Task description. Copying nothing before it, reproduce the line that holds "8 Animated Movies" and every line after it in the data, exactly.

Records drawn from a dataset:
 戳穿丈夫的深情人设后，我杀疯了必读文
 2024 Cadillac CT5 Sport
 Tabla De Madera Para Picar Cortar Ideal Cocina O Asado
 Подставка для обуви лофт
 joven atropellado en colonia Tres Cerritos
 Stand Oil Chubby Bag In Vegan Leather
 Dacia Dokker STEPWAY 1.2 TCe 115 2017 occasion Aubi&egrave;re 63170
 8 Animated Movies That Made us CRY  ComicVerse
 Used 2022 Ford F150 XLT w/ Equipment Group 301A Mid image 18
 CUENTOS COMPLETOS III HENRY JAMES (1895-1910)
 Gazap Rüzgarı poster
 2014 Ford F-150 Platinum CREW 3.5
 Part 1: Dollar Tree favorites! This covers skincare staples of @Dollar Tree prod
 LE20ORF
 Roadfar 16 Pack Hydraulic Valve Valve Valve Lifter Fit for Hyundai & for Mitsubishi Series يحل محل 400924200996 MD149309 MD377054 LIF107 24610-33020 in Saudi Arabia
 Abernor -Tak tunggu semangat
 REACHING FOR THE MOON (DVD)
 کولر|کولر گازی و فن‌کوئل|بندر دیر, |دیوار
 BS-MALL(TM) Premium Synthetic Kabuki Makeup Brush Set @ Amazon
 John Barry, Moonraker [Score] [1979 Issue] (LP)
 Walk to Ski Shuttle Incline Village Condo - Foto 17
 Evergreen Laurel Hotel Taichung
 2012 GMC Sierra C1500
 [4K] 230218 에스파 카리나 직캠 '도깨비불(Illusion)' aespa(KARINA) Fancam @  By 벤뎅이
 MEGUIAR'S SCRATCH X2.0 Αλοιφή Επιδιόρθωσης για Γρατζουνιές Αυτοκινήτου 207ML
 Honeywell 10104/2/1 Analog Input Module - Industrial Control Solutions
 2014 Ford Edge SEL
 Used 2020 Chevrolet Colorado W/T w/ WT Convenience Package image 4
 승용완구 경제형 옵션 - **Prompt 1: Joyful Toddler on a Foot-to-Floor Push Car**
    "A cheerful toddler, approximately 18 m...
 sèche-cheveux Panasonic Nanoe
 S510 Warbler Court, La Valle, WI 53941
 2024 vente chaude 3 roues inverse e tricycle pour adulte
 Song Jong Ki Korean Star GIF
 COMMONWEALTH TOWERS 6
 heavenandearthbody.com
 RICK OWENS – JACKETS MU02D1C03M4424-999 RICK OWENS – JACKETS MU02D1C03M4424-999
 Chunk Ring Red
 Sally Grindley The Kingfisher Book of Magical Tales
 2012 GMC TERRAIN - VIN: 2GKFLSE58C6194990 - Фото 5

Written response.
 8 Animated Movies That Made us CRY  ComicVerse
 Used 2022 Ford F150 XLT w/ Equipment Group 301A Mid image 18
 CUENTOS COMPLETOS III HENRY JAMES (1895-1910)
 Gazap Rüzgarı poster
 2014 Ford F-150 Platinum CREW 3.5
 Part 1: Dollar Tree favorites! This covers skincare staples of @Dollar Tree prod
 LE20ORF
 Roadfar 16 Pack Hydraulic Valve Valve Valve Lifter Fit for Hyundai & for Mitsubishi Series يحل محل 400924200996 MD149309 MD377054 LIF107 24610-33020 in Saudi Arabia
 Abernor -Tak tunggu semangat
 REACHING FOR THE MOON (DVD)
 کولر|کولر گازی و فن‌کوئل|بندر دیر, |دیوار
 BS-MALL(TM) Premium Synthetic Kabuki Makeup Brush Set @ Amazon
 John Barry, Moonraker [Score] [1979 Issue] (LP)
 Walk to Ski Shuttle Incline Village Condo - Foto 17
 Evergreen Laurel Hotel Taichung
 2012 GMC Sierra C1500
 [4K] 230218 에스파 카리나 직캠 '도깨비불(Illusion)' aespa(KARINA) Fancam @  By 벤뎅이
 MEGUIAR'S SCRATCH X2.0 Αλοιφή Επιδιόρθωσης για Γρατζουνιές Αυτοκινήτου 207ML
 Honeywell 10104/2/1 Analog Input Module - Industrial Control Solutions
 2014 Ford Edge SEL
 Used 2020 Chevrolet Colorado W/T w/ WT Convenience Package image 4
 승용완구 경제형 옵션 - **Prompt 1: Joyful Toddler on a Foot-to-Floor Push Car**
    "A cheerful toddler, approximately 18 m...
 sèche-cheveux Panasonic Nanoe
 S510 Warbler Court, La Valle, WI 53941
 2024 vente chaude 3 roues inverse e tricycle pour adulte
 Song Jong Ki Korean Star GIF
 COMMONWEALTH TOWERS 6
 heavenandearthbody.com
 RICK OWENS – JACKETS MU02D1C03M4424-999 RICK OWENS – JACKETS MU02D1C03M4424-999
 Chunk Ring Red
 Sally Grindley The Kingfisher Book of Magical Tales
 2012 GMC TERRAIN - VIN: 2GKFLSE58C6194990 - Фото 5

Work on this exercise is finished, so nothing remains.